The full resolution of data on two consecutive days of automatic IOP measurements is depicted in seven individual patients in online supplemental file 1. It reveals similar IOP trends between the 2 days, with generally a drop in IOP during the first half of the night period. There also appears a peak in the early morning around the time that patients awakened. The total number of automated measurements during overlapping hours ranged between 151 and 268 measurements, and differed between day 1 and day 2 by up to 24 measurements (online supplemental table 4). There were minimal differences in mean IOP between day 1 and day 2 among patients (online supplemental table 3), that did not reach significance at the group level (n=7). On average, time-pairs of IOP measurements on day 1 were slightly lower than on day 2 with a mean difference of 0.17 mm Hg (95% CI: −0.39 to 0.048 mm Hg, p=0.13, figure 1). The 95% limits of agreement were −8.2 to 7.8 mm Hg. SD and minimum IOP were also comparable on both days. In patients 2 and 5, a difference in maximum IOP of more than 10 mm Hg was observed between day 1 and day 2. Both peaks occurred during the night while patients reported to have been asleep. We observed the hourly IOP time-pairs on day 1 and day 2 to be significantly correlated at the group level (n=7; R=0.83, p<0.001) and at the individual level for four patients (1, 2, 6 and 7). A trend was observed in patients 4 and 5. No significant correlation was observed in patient 3 (figure 2, online supplemental t able 4).

Figure 1Figure 1Figure 1

Bland-Altman plot on IOP time-pairs of automatic measurements on day 1 and day 2. Each data point represents a value based on the automatic IOP measurement on day 1 and day 2 at the same time of day. The X-axis depicts the average of each time-pair. The Y-axis depicts the difference of each time-pair. On average, IOP measurements on day 1 were slightly lower than for day 2 with a mean difference of 0.17 mm Hg (based on 1311 measurements, 95% CI: −0.39 to 0.048 mm, p=0.13). The 95% limits of agreement were −8.2 to 7.8 mm Hg. IOP, intraocular pressure.

Figure 2Figure 2Figure 2

Correlation plots of hourly binned automatic IOP measurements on day 1 and day 2 on a group level (n=7) in the top left panel and for individual patients in the other panels. Line of identity depicted as an interrupted grey line, regression line depicted as a continuous blue line and 95% CI depicted in a light grey area. IOP, intraocular pressure.
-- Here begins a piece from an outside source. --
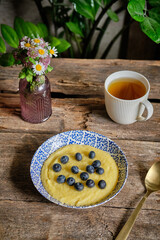 Sweet polenta porrige with blueberries. Top view, wooden background.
Patient 4 appeared to have higher IOP during the night on day 2 compared with day 1. The diary noted a later bedtime and a few more awakenings during the night on day 2. Patient 5 appeared to have higher IOP values on day 1 compared with day 2, mainly in the evening and early night period. There were no clear differences in the evening routine based on the diary notes. Patient 3 did not fill in the diary, hence we cannot extract differences in activities on day 1 and day 2.

Six patients performed and uploaded self-measurements after the study visit (all except patient 3). The total number of self-measurements during the 30 days ranged widely between individual patients (online supplemental table 5). Patient 5 collected 1236 self-measurements in the selected 30-day period, including the night period. In contrast, patient 7 only collected 19 self-measurements and tended to measure around two time points per day (08:00 and 20:00).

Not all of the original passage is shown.